Why messaging should be a tier-one service

Have you ever had your your phone system go down in your workplace?  Did it effect your work?  Most of us would agree that having a phone available at all times is a requirement for almost all white-collar jobs.  That's why companies make sure that their phone systems are considered tier-one services.

How many times do you read an email or send an email each day?  I would bet that for the majority of us, we use Outlook more often than we use the phone.  Yet in many companies the IT management has not found the need to put the resources into making sure that the messaging infrastructure is up 99.9% of the time.  I get the opportunity to see many different companies environments and I am constantly surprised at the lack of hardware that Exchange is running on.  As my friend Bruce McKinstry is fond of saying: “My XBOX is more powerful than your Exchange server!”  It is sad that a gaming console used by a maximum of 4 people is more powerful than what some customers run their businesses on with 600+ mailboxes on them.  Sometimes I think that Microsoft should offer hardware boxes that have Exchange 2003 configured on them so that much of the guess work is taken out of deployment.  We did it with XBOX...  Hmmm.

Ok, what is required to make sure that your Exchange servers are up to the task of running your business?

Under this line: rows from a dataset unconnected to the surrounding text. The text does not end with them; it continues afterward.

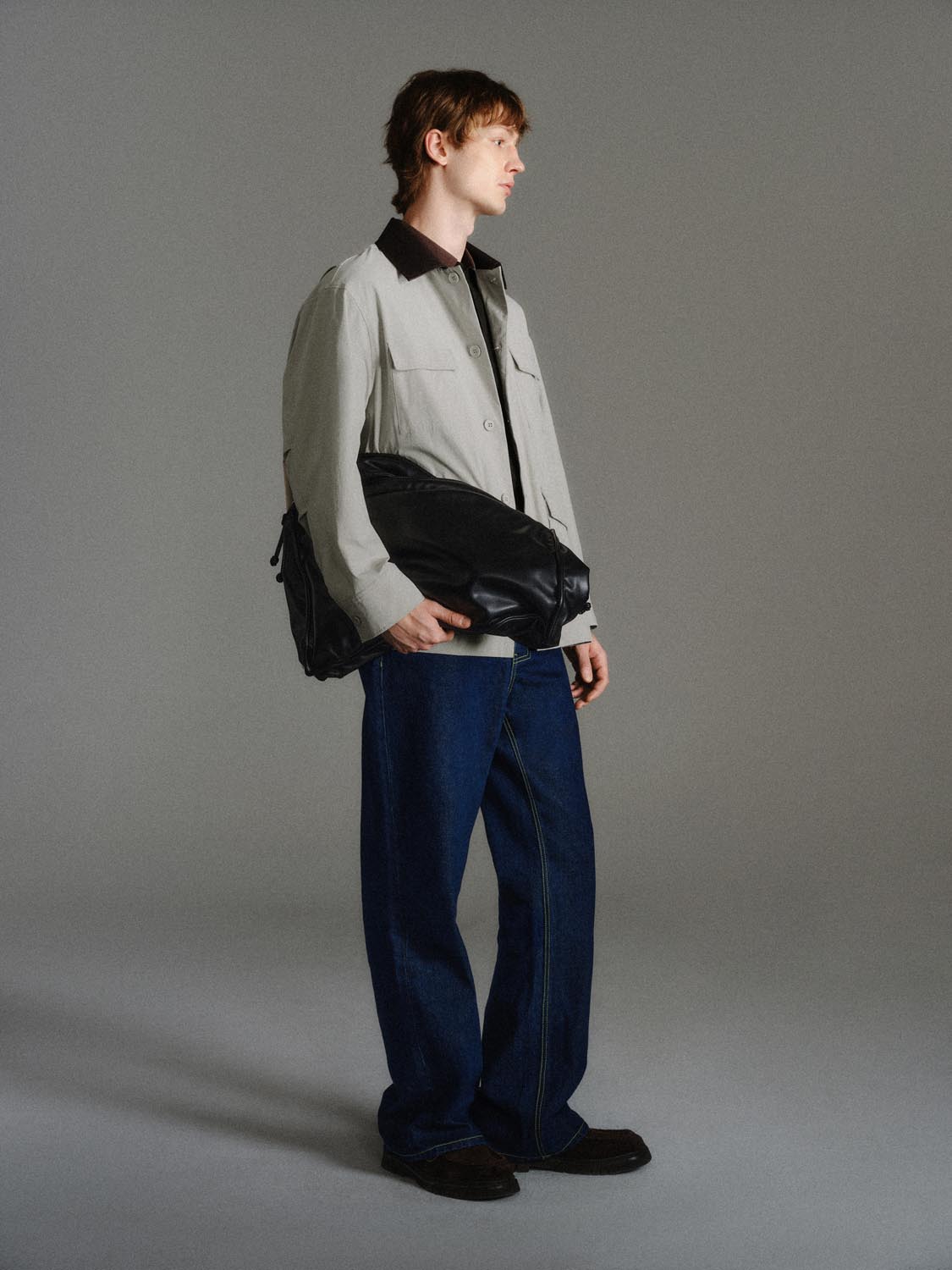 Flap Pocket Jackets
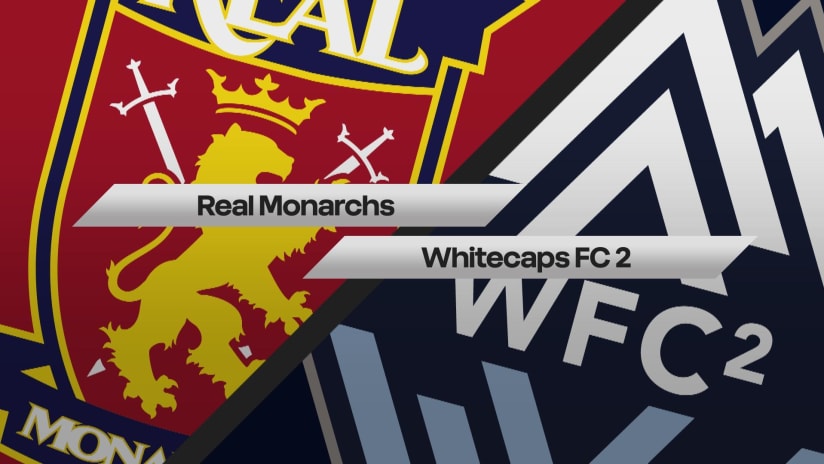 HIGHLIGHTS: Real Monarchs vs. Whitecaps FC 2 | September 02, 2023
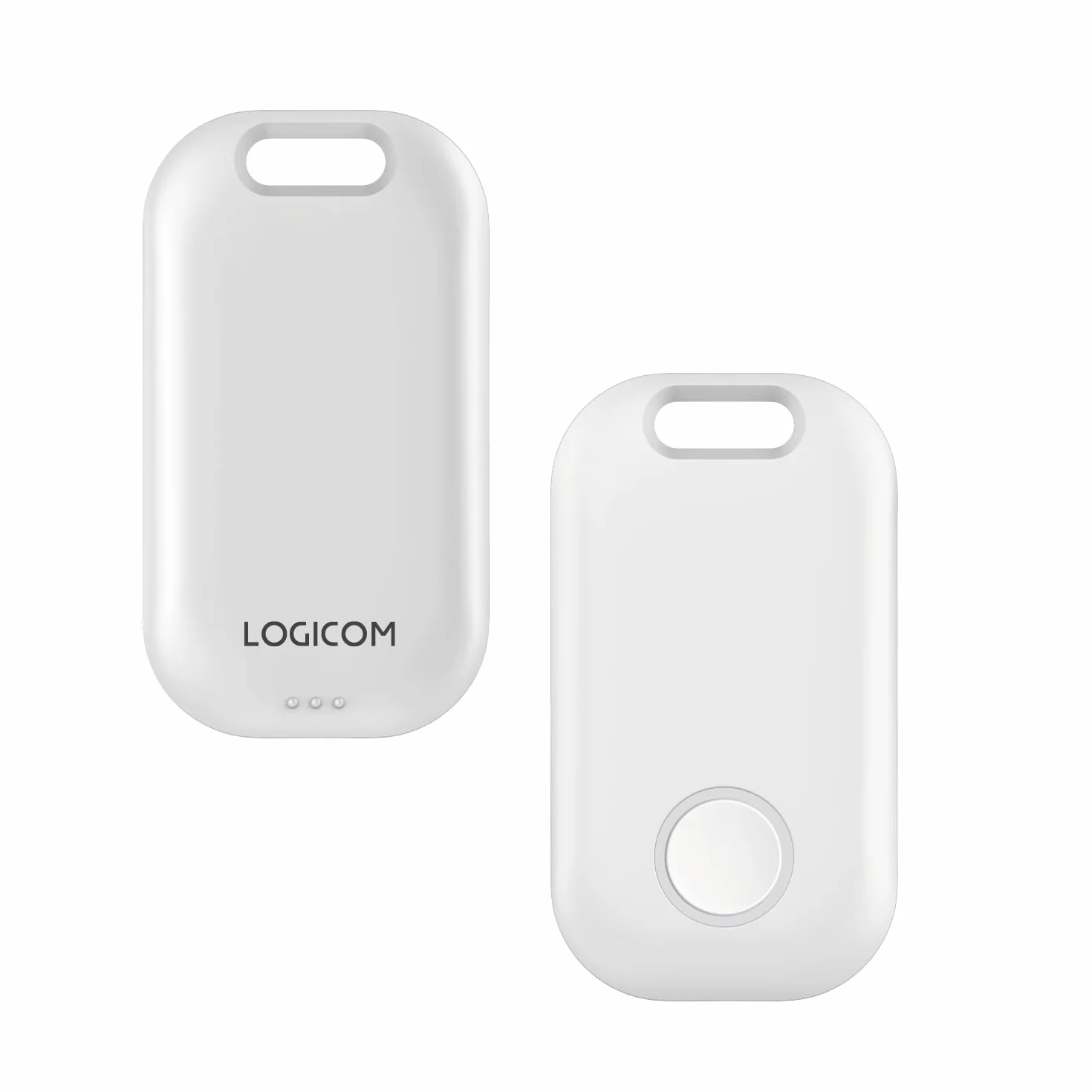 Logicom LogiTrack Akcesorium lokalizacyjne kompatybilny z iOS i Apple Find My 230mAh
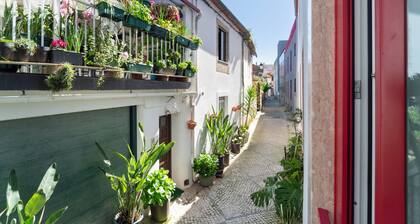 Leiria Boutique Apartment-Comfort in the heart of the historic center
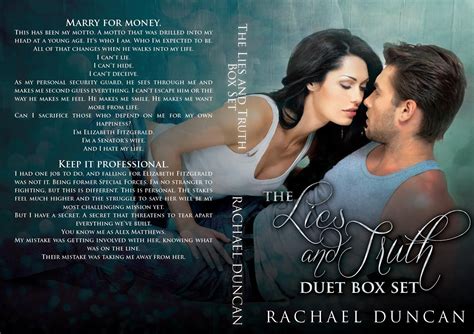 The Lies And Truth Duet Box Set By Rachael Duncan Cover Reveal Truth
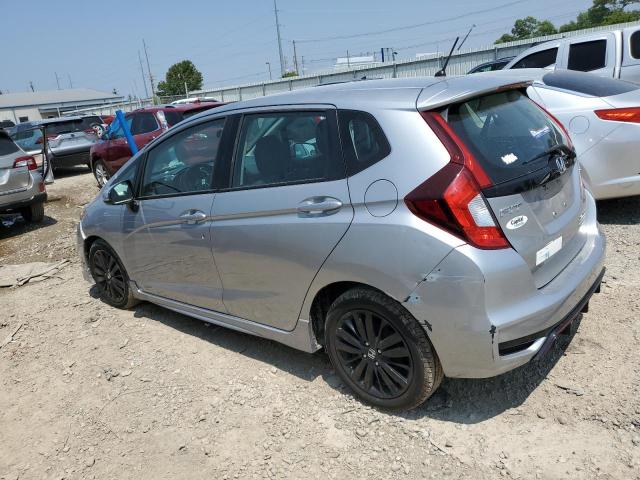  HONDA FIT 2018 Silver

  • Clustering:  You can't imagine how much better Microsoft has gotten in this area in Exchange 2003 compared to Exchange 2000.  I used to ask customers not use clustering because their downtime might have actually been higher with Exchange 2000 if they did use it.  (I am a Support Consultant and one of the key tenants of Microsoft is to be honest...)  But this has changed since Exchange 2003.  Many of my customers are going with clusters now and I am fully behind going this way.
  • Monitoring:  Years ago, before I came to Microsoft, I was a consultant for one of the largest Exchange organizations in the world, and they were looking to reviewing many of the monitoring systems out there.  We looked at HP, NetIQ, and others.  Eventually a decision was made and an excellent product was purchased.  Years later, I wasn't surprised to hear that the monitoring system hadn't been fully configured yet.  That is why I love MOM.  (Sounds like a tattoo...)  It is configured out of the box.  I don't care which monitoring solution you purchase, but just make sure that you use it, ok?
  • Backup and Restore:  A lot of companies have spent considerable resources on backup hardware, yet never run fire drills to test the backups.  I am never surprised when the restore fails.  I once had a customer that had a database so large it had to be spanned across 2 tapes.  That customer would remove one tape each night and replace it with a blank one.  Since they never tested the restores, they didn't find out until it was too late that they had only half of the backup since they should have been replacing BOTH tapes each day.  Fire drills also help make sure that your processes are in place when a true disaster actually happens.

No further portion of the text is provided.